Leading your innovation group? Digital transformation demands a change in leadership mindset.
Photo courtesy of: Getty Images / kartsvitlyna
By NANCY GIORDANO
We need to shift to a dynamic set of practices that support continuous learning, experimentation and innovation and which are committed to human-centric innovation, regenerative solutions, and the creation of long-term value. Photo courtesy of: Getty Images / PeopleImages
To do so, however, we need to cultivate the mindset, capacities, and internal compass that enable much more sustainable and powerful decision-making. Through years of work helping organizations and teams embrace and build a thriving future, I have come to clearly appreciate that we don’t need to change what we think as much as we must change how we think.

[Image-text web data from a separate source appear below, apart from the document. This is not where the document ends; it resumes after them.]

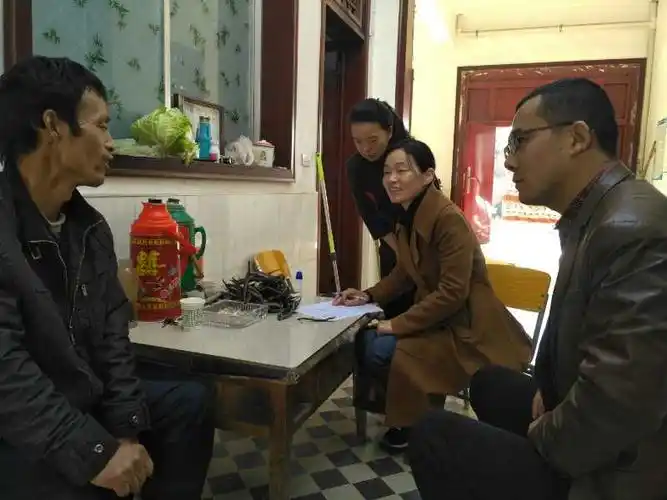 富平县美原中学积极开展教育扶贫大家访活动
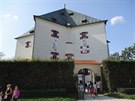 V sobotu se v oboře Hvězda konal „Běh pro paměť národa“ - běh na podporu natáčení příběhů 20. století. Závodilo se na trasách různé délky a ve všech věkových kategoriích - běželi i ti nejmenší. Zároveň byl rámci zahájení Dnů evropského kulturního dědictví V sobotu se v oboře Hvězda konal „Běh pro paměť národa“ - běh na podporu natáčení příběhů 20. století. Závodilo se na trasách různé délky a ve všech věkových kategoriích - běželi i ti nejmenší. Zároveň byl rámci zahájení Dnů evropského kulturního dědictví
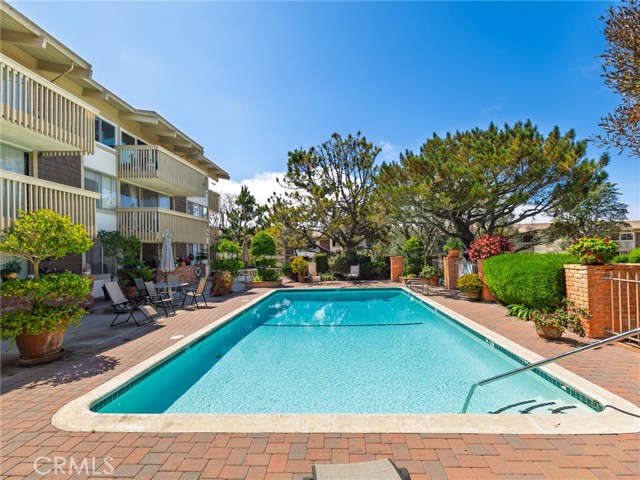 6526 Ocean Crest Drive, Rancho Palos Verdes CA: https://media.crmls.org/medias/1c33502e-e2ec-4f06-8de3-f114939ad8c6.jpg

Our conventional version of leadership – the traditional one practiced de facto in most organizations today – was built to fit the demands of the Industrial Revolution. It is ill-equipped for the challenges of our increasingly digital and quickly transforming world. Leaders have been taught to think and operate in centralized, siloed, hierarchical structures, to focus on efficiency and predictability in order to scale reliable, consistent delivery of products and services. These old approaches are now actually creating very real vulnerabilities.

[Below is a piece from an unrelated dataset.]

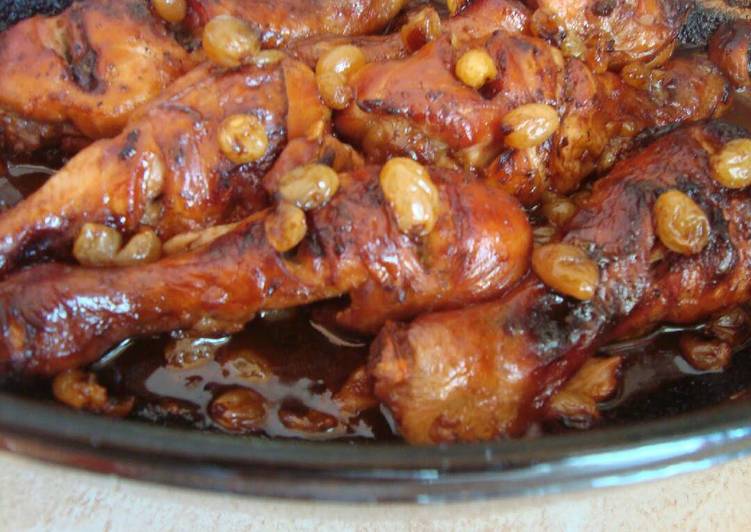 Recipe of Speedy Chicken drumsticks with raisins in dark beer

As such, I propose that using the word “industrial” to describe this exponentially digital future is part of an outdated mindset we need to change. As we are moving away from a society of manufacturing and consumption to one of innovation and sustainable value exchange, I offer the “First Productivity Revolution” (1PR) as the more accurate description. This concept will put us on a much steadier, more inclusive, and sustainable path.
And this means we must ditch the 20th century playbook and old style of leadership that we’re used to, and instead adapt to today’s mandate for breakthrough, responsive action. We need to shift to a dynamic set of practices that support continuous learning, experimentation and innovation and which are committed to human-centric innovation, regenerative solutions, and the creation of long-term value.
Why? Well aside from losing relevance, applying old mindsets to new, exponentially more potent technologies can create damage at a scale we never considered. The consequences of 21st-century mistakes will be even more difficult to clean up than the 20th-century ones we are dealing with now.
So how can we get better at discerning what is necessary evolution versus what we fear are business-ending decisions? Thriving under changing conditions demands we cultivate a mindset that can sense and respond more quickly, act with greater confidence in the unknown and be guided by a clear purpose. Last year I introduced this as “Leadering,” which reframes the practice of leadership from a static noun to an active verb.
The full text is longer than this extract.